These aren’t so much a Japanese tradition, but an American invention. They can only be purchased at the gift shop on base at Torri pines. For about $30, you get a Kokeshi doll with a scroll wrapped around it. Your friends sign it, so — even when you’re back in the states, you have a personalized Japanese souvenir. Don’t wait until it’s time to move to buy one. Get one when you arrive, that way your friends and military framily can sign it as they leave Iwakuni.
Public transportation is king in Japan. You can use the local train to hop to Hiroshima or Yanai or use the bullet train (shinkansen) to get to most major cities in Japan. Trains are always on time, and while most people assure you that figuring out the ticketing process and routes is a piece of cake, there’s no shame in admitting it’s confusing. Live Iwakuni has a local train tutorial that walks you through ticketing, boarding, train etiquette, and getting an ICOCA card. Live Iwakuni also has a bullet train tutorial when you’re ready to go faster and farther.
Some stores are still cash-only. When it isn’t clearly posted, you can ask them if they take card-o. Bring yen when you hit Daiso, a 100-yen store, but most other chains accept cards — just ask and have your yen on standby.

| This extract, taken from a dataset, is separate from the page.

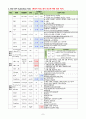 [간호학과/여성간호학실습/케이스스터디/A+] Uterine Myoma & Hysterectomy 케이스스터디 (간호진단5개 간호과정2개) 8페이지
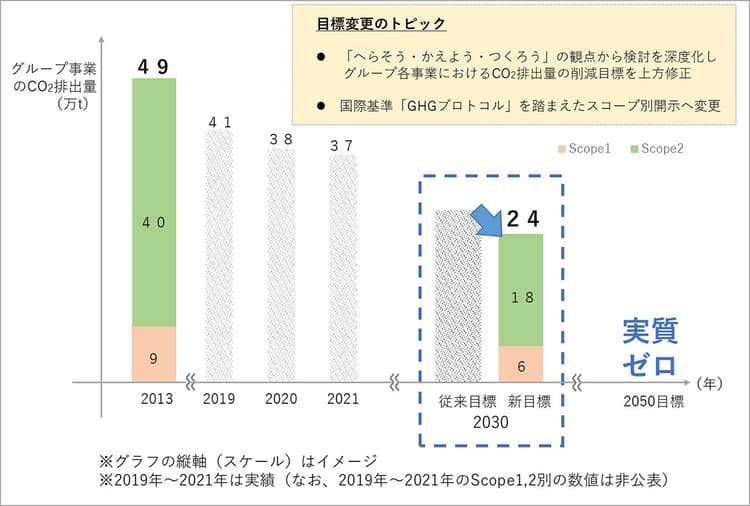 小田急電鉄、30年環境目標を引き上げ GXリーグ基本構想にも賛同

Iwakuni’s commissary is a great means of getting American favorites not carried in Japanese grocery stores, but the inventory is lackluster most of the time. If you’re looking for vanilla coffee creamer, get ready to throw some elbows. Shop off base when you can for produce, fish, poultry, and beef. Max Value has a produce sale every Tuesday. To stock up on necessities, you can make the drive to Costco in Hiroshima. Bring an ice chest to haul your perishables home.
Get yourself an Amazon Prime membership (U.S.) if you don’t already have one. You can order or set up a recurring subscription for many non-perishable grocery items that are not carried consistently at the commissary.
When you want to escape small-town life in Iwakuni (and you will), venture out! Get yourself some crazy street food — you have to have octopus on a stick once in your life, right? Octopus or not, Japan is a safe place to explore, so enjoy all it has to offer!